> Work task: Nothing but the lines from the one containing "EVOIONOS Ultra Soft" to the end of the data should be copied, exactly, and the pictures stay out.

> Data:

/---

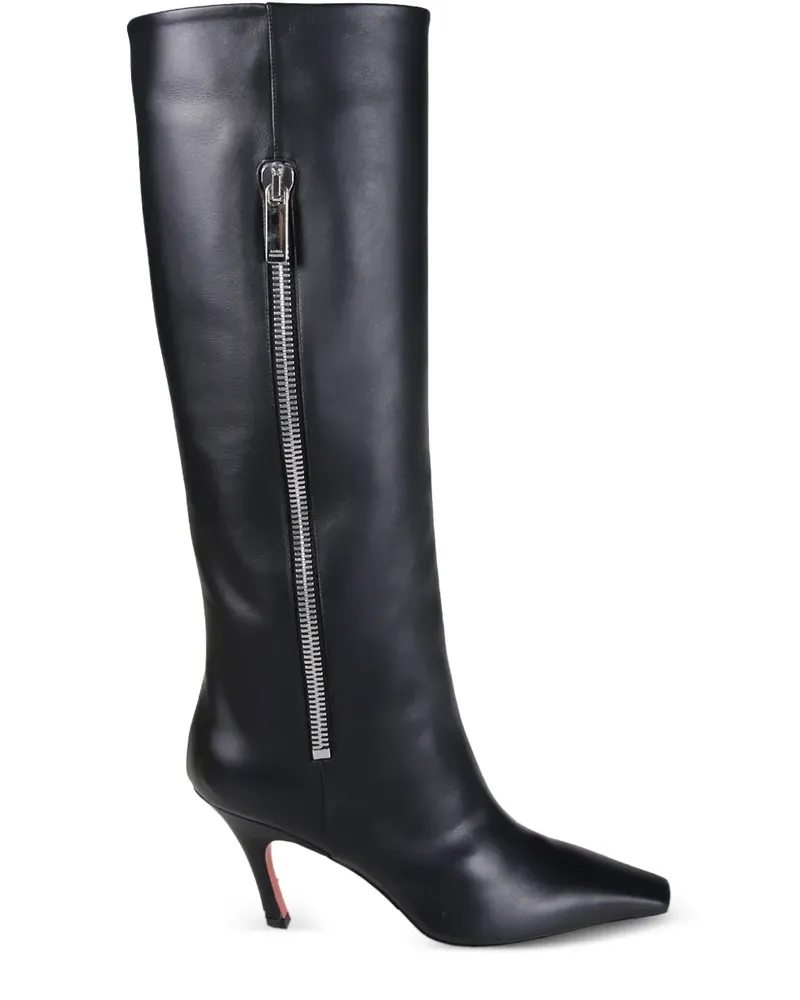Amina Muaddi Mona zip boots - Schwarz Schwarz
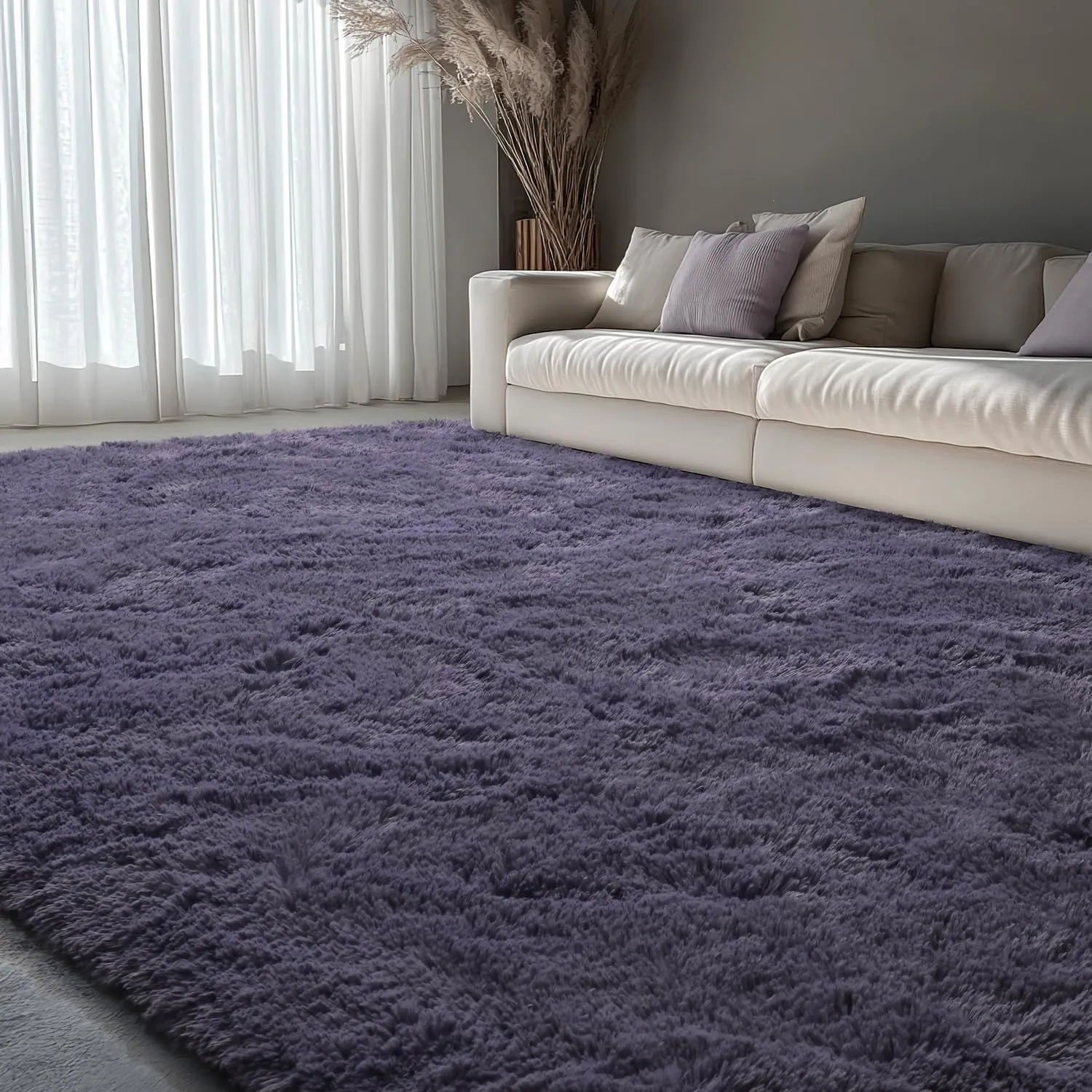 EVOIONOS Ultra Soft Area Rug for Bedroom, 4x6 Machine Washable Fluffy Shag Rug for Living Room, Plush Non Slip Carpet for Indoor Floor Bedside Nursery Kids Girls Room Home Decor Aesthetic, Gray Purple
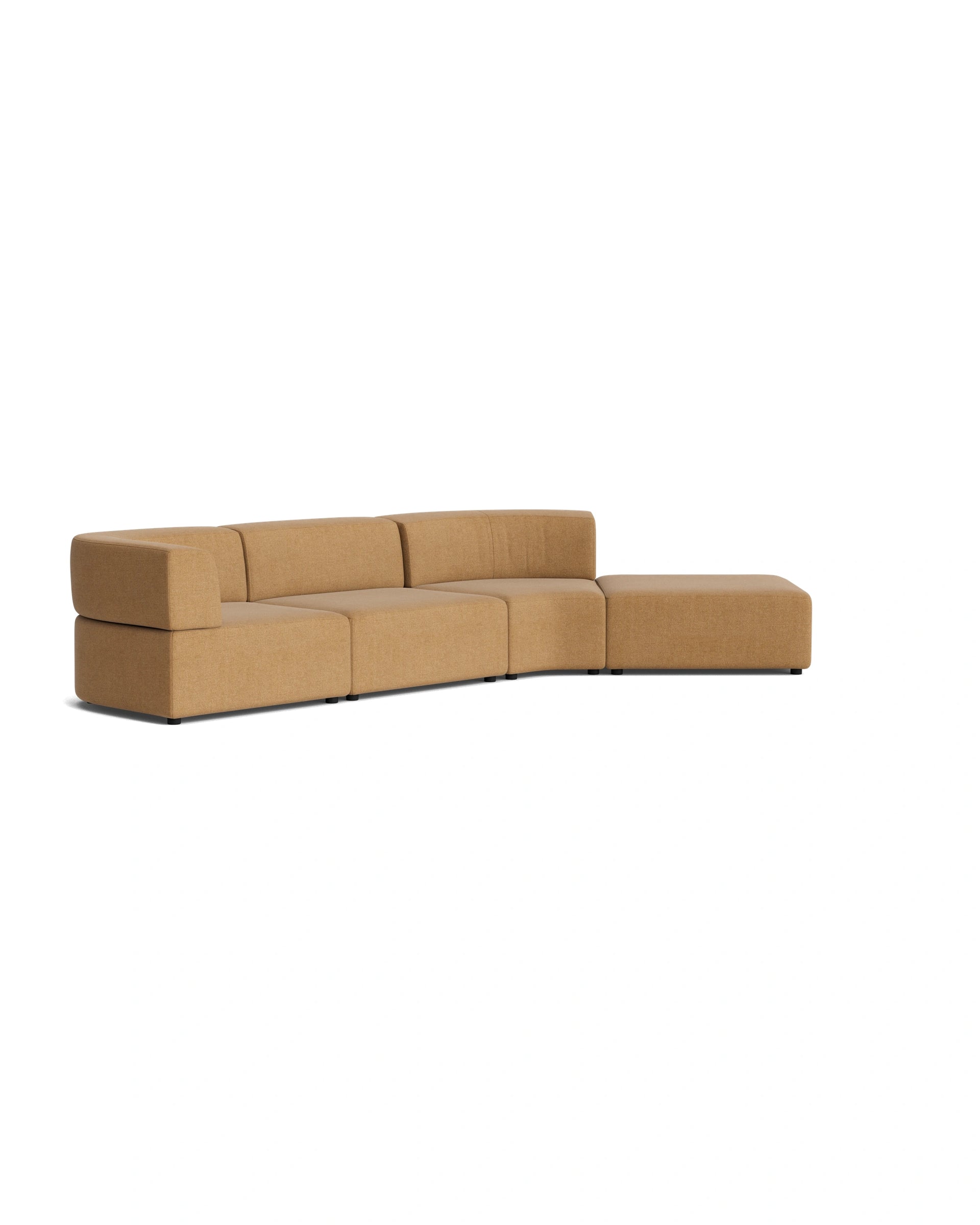 Stretch Open Angled Sofa - Fossil Fawn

\---

> Solution:
 EVOIONOS Ultra Soft Area Rug for Bedroom, 4x6 Machine Washable Fluffy Shag Rug for Living Room, Plush Non Slip Carpet for Indoor Floor Bedside Nursery Kids Girls Room Home Decor Aesthetic, Gray Purple
 Stretch Open Angled Sofa - Fossil Fawn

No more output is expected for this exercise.